### WORK ORDER
A verbatim copy of the data is wanted, minus any picture in it.

### INFORMATION SUPPLIED
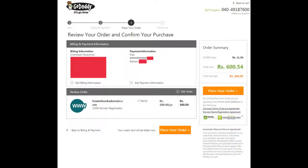When everything is correct, click on the place your order button. After a few seconds, you will own your new domain. Congratulations.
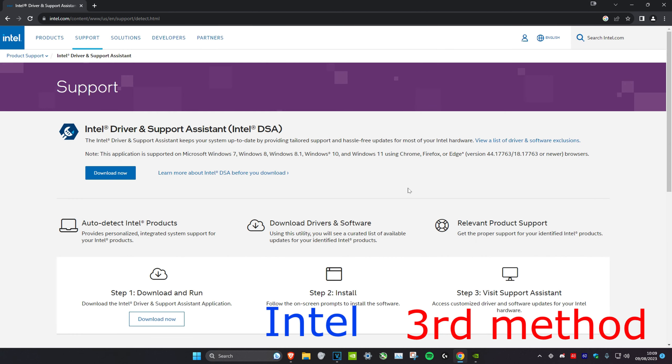For Intel, head over to the link in the description and then download this, and it will automatically check if you have any updates. If you do, it will update it for you.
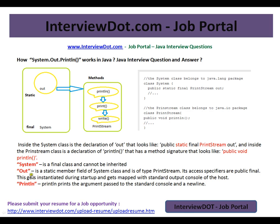System is a final class and cannot be inherited. 'out' is a static member variable of the System class of type PrintStream. Its access specifier is public final. It gets instantiated during startup and gets mapped with the standard output console of the host. println prints the argument passed to the standard console on a new line.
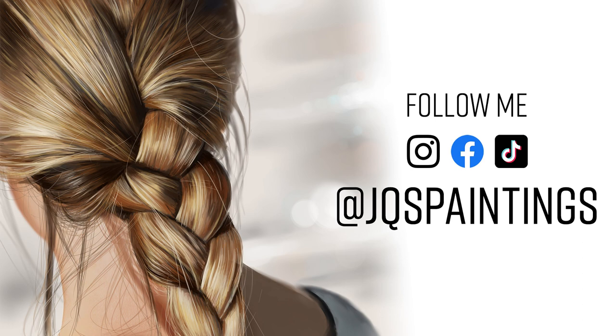I hope you enjoyed this video. I will be making more. Leave your comments or questions down at the bottom. You can follow me on Instagram, Facebook or TikTok at JQS Paintings. I'll leave links down at the bottom below. Don't forget to like and subscribe and thank you so much. Have a good one, y'all.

### RESPONSE BELOW
When everything is correct, click on the place your order button. After a few seconds, you will own your new domain. Congratulations.
For Intel, head over to the link in the description and then download this, and it will automatically check if you have any updates. If you do, it will update it for you.
System is a final class and cannot be inherited. 'out' is a static member variable of the System class of type PrintStream. Its access specifier is public final. It gets instantiated during startup and gets mapped with the standard output console of the host. println prints the argument passed to the standard console on a new line.
I hope you enjoyed this video. I will be making more. Leave your comments or questions down at the bottom. You can follow me on Instagram, Facebook or TikTok at JQS Paintings. I'll leave links down at the bottom below. Don't forget to like and subscribe and thank you so much. Have a good one, y'all.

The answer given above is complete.